> [WHAT YOU ARE ASKED TO DO]: From the line that contains "قوات الاحتلال تقتحم" through the line that contains "Кресло-коляска ступенькоход Caterwil GTS4", output every line of the listing below exactly and leave out all the rest.
Top of MATERIAL TO PROCESS
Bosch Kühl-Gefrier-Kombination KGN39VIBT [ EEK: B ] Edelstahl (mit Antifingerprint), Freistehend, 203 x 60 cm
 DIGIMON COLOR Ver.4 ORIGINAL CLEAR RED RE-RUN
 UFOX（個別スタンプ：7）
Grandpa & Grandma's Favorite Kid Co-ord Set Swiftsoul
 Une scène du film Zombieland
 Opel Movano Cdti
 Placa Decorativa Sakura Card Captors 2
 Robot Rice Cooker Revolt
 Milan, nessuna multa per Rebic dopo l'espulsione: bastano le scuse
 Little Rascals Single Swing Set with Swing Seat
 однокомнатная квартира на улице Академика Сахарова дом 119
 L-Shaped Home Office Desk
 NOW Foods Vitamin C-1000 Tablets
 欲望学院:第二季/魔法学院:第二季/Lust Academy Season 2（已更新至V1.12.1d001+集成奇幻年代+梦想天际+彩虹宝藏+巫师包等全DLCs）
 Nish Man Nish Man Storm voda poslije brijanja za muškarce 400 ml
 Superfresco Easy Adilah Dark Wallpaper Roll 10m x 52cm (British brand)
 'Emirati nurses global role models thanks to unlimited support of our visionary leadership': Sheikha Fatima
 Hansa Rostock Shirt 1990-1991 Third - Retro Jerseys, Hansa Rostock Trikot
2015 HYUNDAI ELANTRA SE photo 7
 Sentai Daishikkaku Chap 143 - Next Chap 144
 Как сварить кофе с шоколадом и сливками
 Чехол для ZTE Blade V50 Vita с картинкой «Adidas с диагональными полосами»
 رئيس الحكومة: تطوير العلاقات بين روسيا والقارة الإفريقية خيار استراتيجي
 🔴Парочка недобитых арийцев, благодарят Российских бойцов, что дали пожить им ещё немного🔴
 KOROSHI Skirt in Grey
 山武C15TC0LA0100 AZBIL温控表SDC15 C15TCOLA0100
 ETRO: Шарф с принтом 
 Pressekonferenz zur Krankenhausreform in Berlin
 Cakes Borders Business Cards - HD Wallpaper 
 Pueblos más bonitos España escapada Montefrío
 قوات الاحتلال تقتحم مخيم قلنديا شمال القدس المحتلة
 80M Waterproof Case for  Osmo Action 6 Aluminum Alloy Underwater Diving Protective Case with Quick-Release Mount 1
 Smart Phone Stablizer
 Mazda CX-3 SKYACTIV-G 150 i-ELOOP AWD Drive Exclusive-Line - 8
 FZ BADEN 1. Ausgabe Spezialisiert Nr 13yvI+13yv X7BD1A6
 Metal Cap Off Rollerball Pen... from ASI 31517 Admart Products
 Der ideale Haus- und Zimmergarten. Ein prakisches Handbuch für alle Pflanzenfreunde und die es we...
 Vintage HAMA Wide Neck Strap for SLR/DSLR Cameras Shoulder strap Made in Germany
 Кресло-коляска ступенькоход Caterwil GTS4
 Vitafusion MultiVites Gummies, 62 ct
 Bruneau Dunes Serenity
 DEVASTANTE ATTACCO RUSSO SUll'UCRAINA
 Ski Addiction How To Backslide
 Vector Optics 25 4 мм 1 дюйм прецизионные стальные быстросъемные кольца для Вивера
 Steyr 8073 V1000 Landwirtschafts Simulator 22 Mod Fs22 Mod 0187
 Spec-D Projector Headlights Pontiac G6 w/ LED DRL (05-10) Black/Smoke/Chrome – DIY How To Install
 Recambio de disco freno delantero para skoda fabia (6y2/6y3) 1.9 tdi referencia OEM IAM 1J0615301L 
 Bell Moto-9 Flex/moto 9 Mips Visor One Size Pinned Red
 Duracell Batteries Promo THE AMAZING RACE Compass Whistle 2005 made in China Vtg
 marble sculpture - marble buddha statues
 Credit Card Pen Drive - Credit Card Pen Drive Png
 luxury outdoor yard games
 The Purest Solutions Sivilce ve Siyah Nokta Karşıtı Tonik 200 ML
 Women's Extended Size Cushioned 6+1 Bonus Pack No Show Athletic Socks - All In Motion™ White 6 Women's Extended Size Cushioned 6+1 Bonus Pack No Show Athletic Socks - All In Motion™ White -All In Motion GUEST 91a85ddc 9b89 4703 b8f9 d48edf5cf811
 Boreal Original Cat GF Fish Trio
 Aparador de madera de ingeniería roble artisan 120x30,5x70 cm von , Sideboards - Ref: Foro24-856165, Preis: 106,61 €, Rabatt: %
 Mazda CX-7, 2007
Bottom of MATERIAL TO PROCESS
> [RESPONSE AREA]:
 قوات الاحتلال تقتحم مخيم قلنديا شمال القدس المحتلة
 80M Waterproof Case for  Osmo Action 6 Aluminum Alloy Underwater Diving Protective Case with Quick-Release Mount 1
 Smart Phone Stablizer
 Mazda CX-3 SKYACTIV-G 150 i-ELOOP AWD Drive Exclusive-Line - 8
 FZ BADEN 1. Ausgabe Spezialisiert Nr 13yvI+13yv X7BD1A6
 Metal Cap Off Rollerball Pen... from ASI 31517 Admart Products
 Der ideale Haus- und Zimmergarten. Ein prakisches Handbuch für alle Pflanzenfreunde und die es we...
 Vintage HAMA Wide Neck Strap for SLR/DSLR Cameras Shoulder strap Made in Germany
 Кресло-коляска ступенькоход Caterwil GTS4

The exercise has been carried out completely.